## Description of the task
Produce the same data once more, line for line.

*** Opening Exercise data ***

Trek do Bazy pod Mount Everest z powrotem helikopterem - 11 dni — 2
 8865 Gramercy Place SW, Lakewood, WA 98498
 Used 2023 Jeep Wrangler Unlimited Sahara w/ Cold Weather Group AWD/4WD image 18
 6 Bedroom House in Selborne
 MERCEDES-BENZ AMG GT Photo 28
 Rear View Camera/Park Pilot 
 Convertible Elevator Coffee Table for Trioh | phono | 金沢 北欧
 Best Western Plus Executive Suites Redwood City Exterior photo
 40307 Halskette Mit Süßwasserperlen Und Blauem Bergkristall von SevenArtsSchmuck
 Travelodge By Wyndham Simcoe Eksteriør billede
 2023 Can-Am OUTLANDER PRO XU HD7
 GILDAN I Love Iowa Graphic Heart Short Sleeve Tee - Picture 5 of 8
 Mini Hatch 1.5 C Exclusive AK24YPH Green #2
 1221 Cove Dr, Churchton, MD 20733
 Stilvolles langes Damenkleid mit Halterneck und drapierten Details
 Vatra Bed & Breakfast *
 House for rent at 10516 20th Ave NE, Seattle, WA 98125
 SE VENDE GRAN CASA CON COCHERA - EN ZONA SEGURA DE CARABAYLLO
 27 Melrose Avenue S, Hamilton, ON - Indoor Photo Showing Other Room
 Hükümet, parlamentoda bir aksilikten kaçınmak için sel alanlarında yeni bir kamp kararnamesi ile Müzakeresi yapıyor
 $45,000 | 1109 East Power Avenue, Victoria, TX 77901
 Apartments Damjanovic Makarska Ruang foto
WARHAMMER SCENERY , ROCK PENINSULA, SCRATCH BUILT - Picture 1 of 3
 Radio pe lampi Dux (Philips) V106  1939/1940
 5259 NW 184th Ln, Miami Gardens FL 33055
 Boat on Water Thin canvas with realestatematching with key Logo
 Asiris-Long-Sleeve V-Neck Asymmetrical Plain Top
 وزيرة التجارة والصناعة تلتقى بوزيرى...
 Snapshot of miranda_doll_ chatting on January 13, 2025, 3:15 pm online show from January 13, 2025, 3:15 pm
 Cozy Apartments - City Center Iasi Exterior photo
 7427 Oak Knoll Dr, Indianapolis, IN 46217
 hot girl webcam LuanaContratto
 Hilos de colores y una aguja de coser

*** Closing Exercise data ***

## Solved problem
Trek do Bazy pod Mount Everest z powrotem helikopterem - 11 dni — 2
 8865 Gramercy Place SW, Lakewood, WA 98498
 Used 2023 Jeep Wrangler Unlimited Sahara w/ Cold Weather Group AWD/4WD image 18
 6 Bedroom House in Selborne
 MERCEDES-BENZ AMG GT Photo 28
 Rear View Camera/Park Pilot 
 Convertible Elevator Coffee Table for Trioh | phono | 金沢 北欧
 Best Western Plus Executive Suites Redwood City Exterior photo
 40307 Halskette Mit Süßwasserperlen Und Blauem Bergkristall von SevenArtsSchmuck
 Travelodge By Wyndham Simcoe Eksteriør billede
 2023 Can-Am OUTLANDER PRO XU HD7
 GILDAN I Love Iowa Graphic Heart Short Sleeve Tee - Picture 5 of 8
 Mini Hatch 1.5 C Exclusive AK24YPH Green #2
 1221 Cove Dr, Churchton, MD 20733
 Stilvolles langes Damenkleid mit Halterneck und drapierten Details
 Vatra Bed & Breakfast *
 House for rent at 10516 20th Ave NE, Seattle, WA 98125
 SE VENDE GRAN CASA CON COCHERA - EN ZONA SEGURA DE CARABAYLLO
 27 Melrose Avenue S, Hamilton, ON - Indoor Photo Showing Other Room
 Hükümet, parlamentoda bir aksilikten kaçınmak için sel alanlarında yeni bir kamp kararnamesi ile Müzakeresi yapıyor
 $45,000 | 1109 East Power Avenue, Victoria, TX 77901
 Apartments Damjanovic Makarska Ruang foto
WARHAMMER SCENERY , ROCK PENINSULA, SCRATCH BUILT - Picture 1 of 3
 Radio pe lampi Dux (Philips) V106  1939/1940
 5259 NW 184th Ln, Miami Gardens FL 33055
 Boat on Water Thin canvas with realestatematching with key Logo
 Asiris-Long-Sleeve V-Neck Asymmetrical Plain Top
 وزيرة التجارة والصناعة تلتقى بوزيرى...
 Snapshot of miranda_doll_ chatting on January 13, 2025, 3:15 pm online show from January 13, 2025, 3:15 pm
 Cozy Apartments - City Center Iasi Exterior photo
 7427 Oak Knoll Dr, Indianapolis, IN 46217
 hot girl webcam LuanaContratto
 Hilos de colores y una aguja de coser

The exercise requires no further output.